Did you set GLOO_SOCKET_IFNAME
?
Yes. PyTorch’s example didn’t work either until I set GLOO_SOCKET_IFNAME
to proper values. I also changed the backend to of the example from nccl
to gloo
.
which dataset are you using for train? how long does it hang?
so this is probably the root cause of hang.
you should specify eno1
when submitting job to ip_1(including server and client) and eno2
for the other machine.
I’m using ogbn-arxiv
, which is partitioned into 2 parts before training. It hang like forever. Nothing happen after the log says
[17:33:09] /opt/dgl/src/rpc/rpc.cc:141: Sender with NetType~socket is created.
[17:33:09] /opt/dgl/src/rpc/rpc.cc:161: Receiver with NetType~socket is created.
But the warning (IP address not available for interface
) still persists, and I think I’ve setup the ENV (shown by the ssh command constructed by launch.py
).
It’s not working.
And I just noticed that there is a fatal error, which I might have missed earlier, right after the launch:
The number of OMP threads per trainer is set to 32
/home/myid/ws/py_ws/p3-demo/example/launch.py:153: DeprecationWarning: setDaemon() is deprecated, set the daemon attribute instead
thread.setDaemon(True)
cleanupu process runs
Fatal Python error: Segmentation fault
Current thread 0x00007fed02adf740 (most recent call first):
File "/home/myid/ws/py_ws/dgl/heterograph_index.py", line 1151 in formats
File "/home/myid/ws/py_ws/dgl/heterograph.py", line 6176 in formats
File "/home/myid/ws/py_ws/dgl/distributed/dist_graph.py", line 398 in __init__
File "/home/myid/ws/py_ws/dgl/distributed/dist_context.py", line 268 in initialize
File "/home/myid/ws/py_ws/p3-demo/example/node_classification.py", line 357 in main
File "/home/myid/programs/mambaforge/envs/p3/lib/python3.10/site-packages/torch/distributed/elastic/multiprocessing/errors/__init__.py", line 346 in wrapper
File "/home/myid/ws/py_ws/p3-demo/example/node_classification.py", line 483 in <module>
which dgl version are you using? what’s the shared memory you configured for your machines? df -h /dev/shm
I’m using version 1.1.1+cu117
.
df -h /dev/shm
shows:
Filesystem Size Used Avail Use% Mounted on
tmpfs 158G 28M 158G 1% /dev/shm
Do I need to configure shared memory? Like I said, I’m using sshfs
to map the workspace from xxx.xxx.10.17
machine to xxx.xxx.9.50
machine.
which machine is the output of df -h /dev/shm
from? or these 2 machines shares this file system as well?
Sorry about the confuse.
xxx.xxx.10.17:
Filesystem Size Used Avail Use% Mounted on
tmpfs 158G 28M 158G 1% /dev/shm
xxx.xxx.9.50
Filesystem Size Used Avail Use% Mounted on
tmpfs 32G 285M 32G 1% /dev/shm
After I launch the training script (the node_classification.py example), xxx.xxx.10.17
's used memory increased to 101M and xxx.xxx.9.50
's used memory increased to 357M.
shm looks good to me. The callstack you shared indicates seg fault happened when creating DGL formats. could you try to prepend DGL_GRAPH_FORMAT=coo
before node_classification.py xxx
?
Can’t tell since I have no access to the computation resources currently.

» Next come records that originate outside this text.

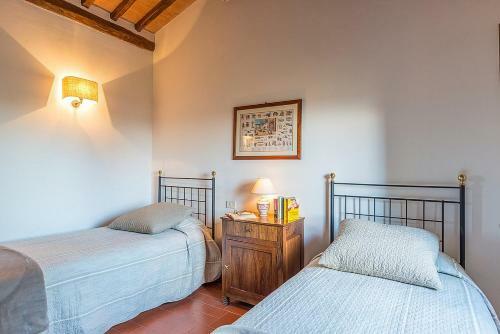 Campana Villa Sleeps 4 Pool Wifi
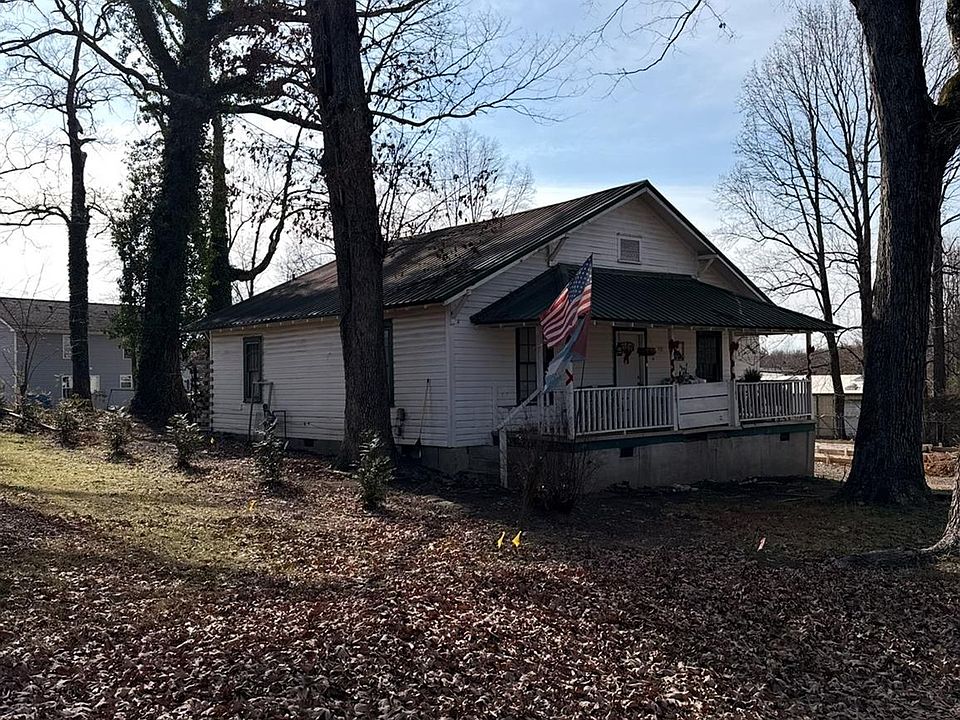 1st image of 933 Wallace St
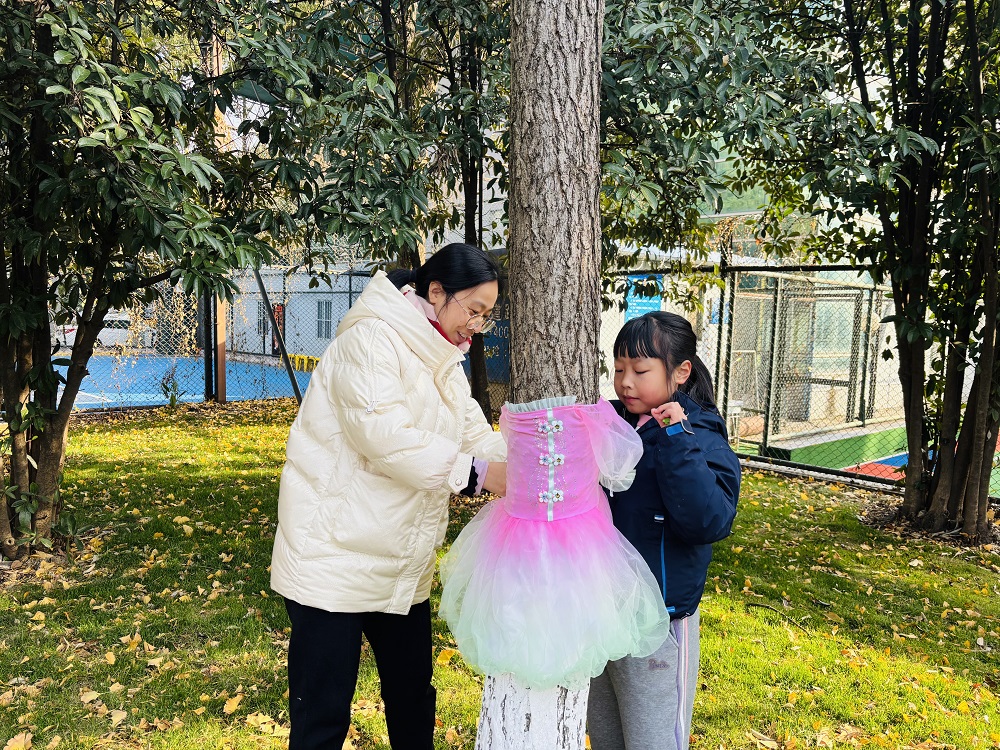 1734999246212075.jpg 亲子家庭一起给小树“穿衣服”.jpg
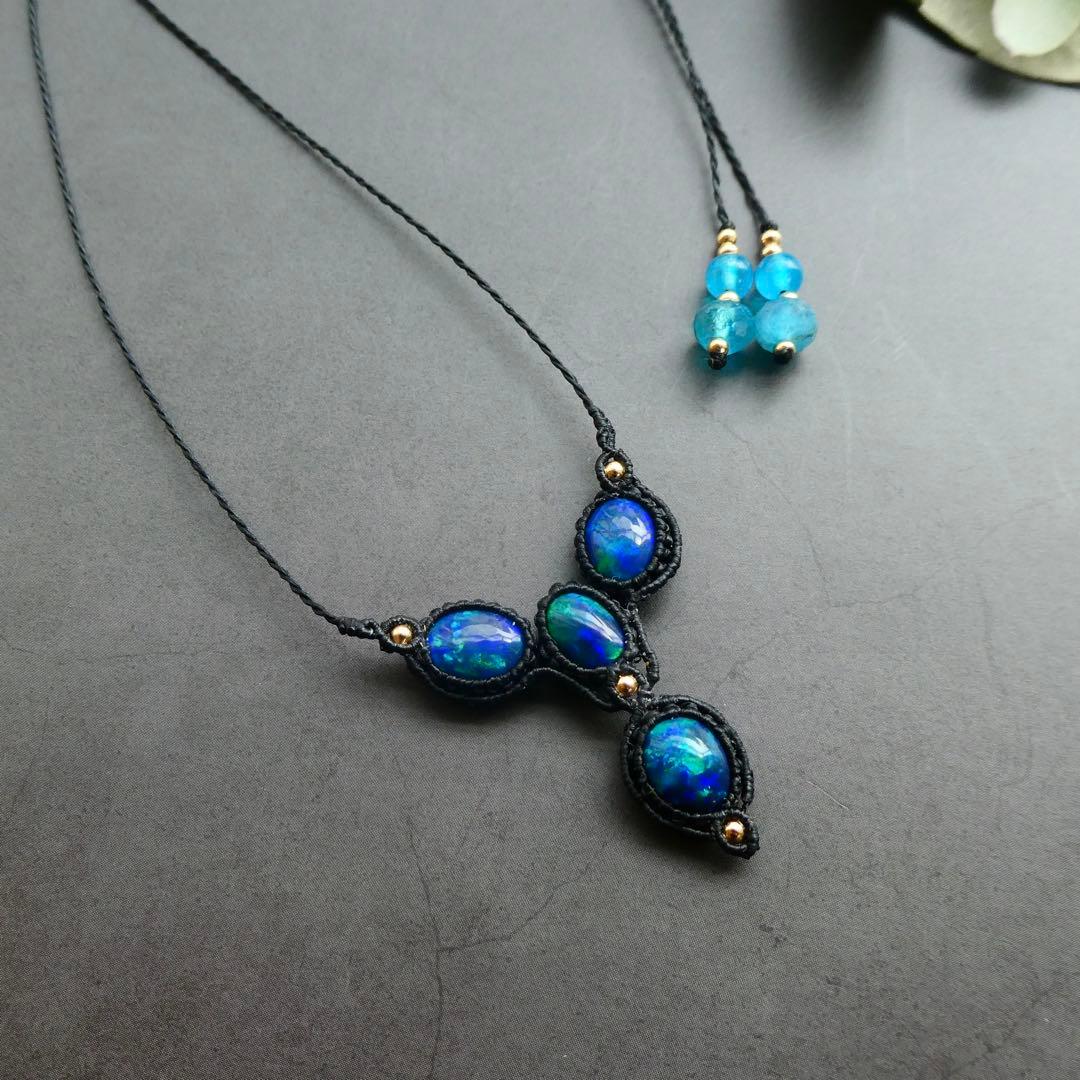 宝石質ブラックオパールのマクラメネックレス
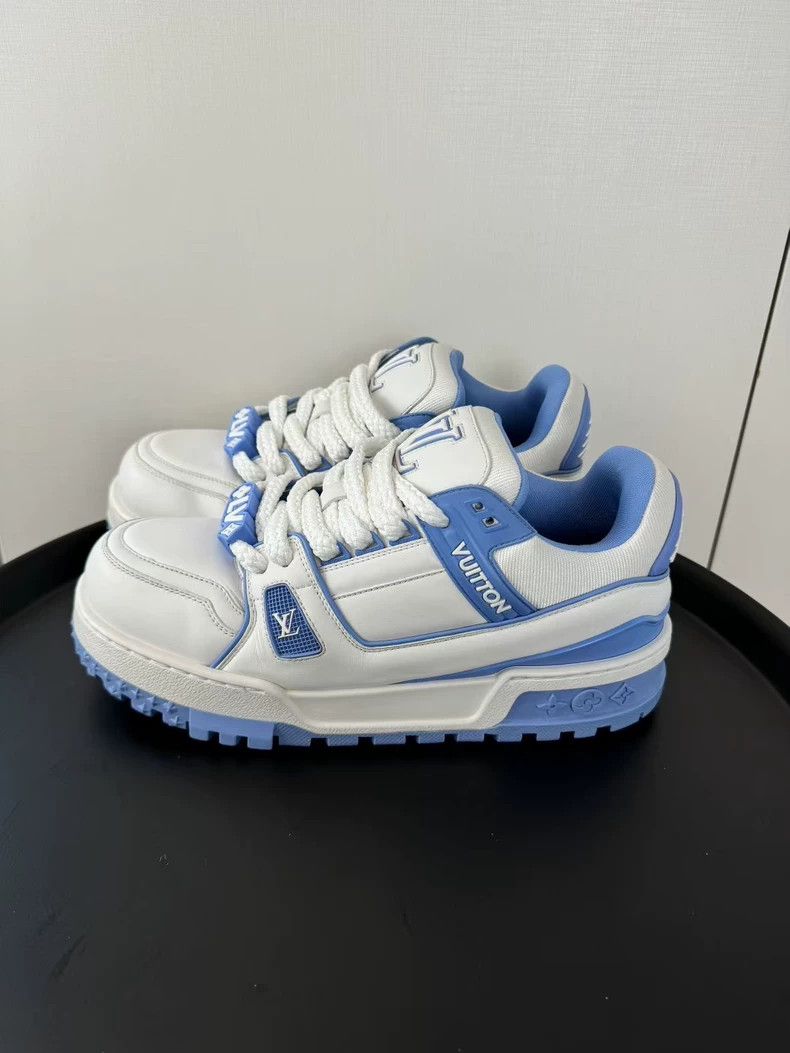 Louis Vuitton Louis Vuitton White and Blue Fat T-Shirt Sneakers Size US 9 / EU 42 - 1 Thumbnail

There is something that I want to double check: when running a distributed training on 2 machines, is there 1 server and 1 client on each machine, or 1 server and 1 client on one machine and 1 client on another machine?
--num_trainers 1 --num_samplers 0 --num_servers 1
indicates 1 server and 1 client on each machine. each client will connect to all servers on all machines.
Wow… I thought in general there is only 1 global server and there are 1 or more clients.
Does this mean that, in my case, DGL is using xxx.xxx.10.17:<PORT_1>
to start a server and xxx.xxx.9.50:<PORT_2>
to start a client, and doing the similar things on xxx.xxx.9.50
machine?
No. Simply put, DGL has server processes (primary and backup), trainer processes, and sampler processes, all running on the same and every machine. When you run the launch script, DGL first launches the server processes specified by --num_servers
to load the graph partitions. There is one primary server, the rest are backup servers (optional). When the servers are launched successfully, DGL launches the trainer and sampler processes specified by --num_trainers
and --num_samplers
. Generally, the number of trainer processes are the same as the number of GPU’s in the machine (for training on GPUs). You can choose to not use sampler processes at all, in which case sampling is done in the trainer processes.
In summary, every machine has one primary server process that loads the graph partition, optionally backup server processes, one or more trainer processes, and zero or more sampler processes, all running on the same machine and every machine in the distributed training.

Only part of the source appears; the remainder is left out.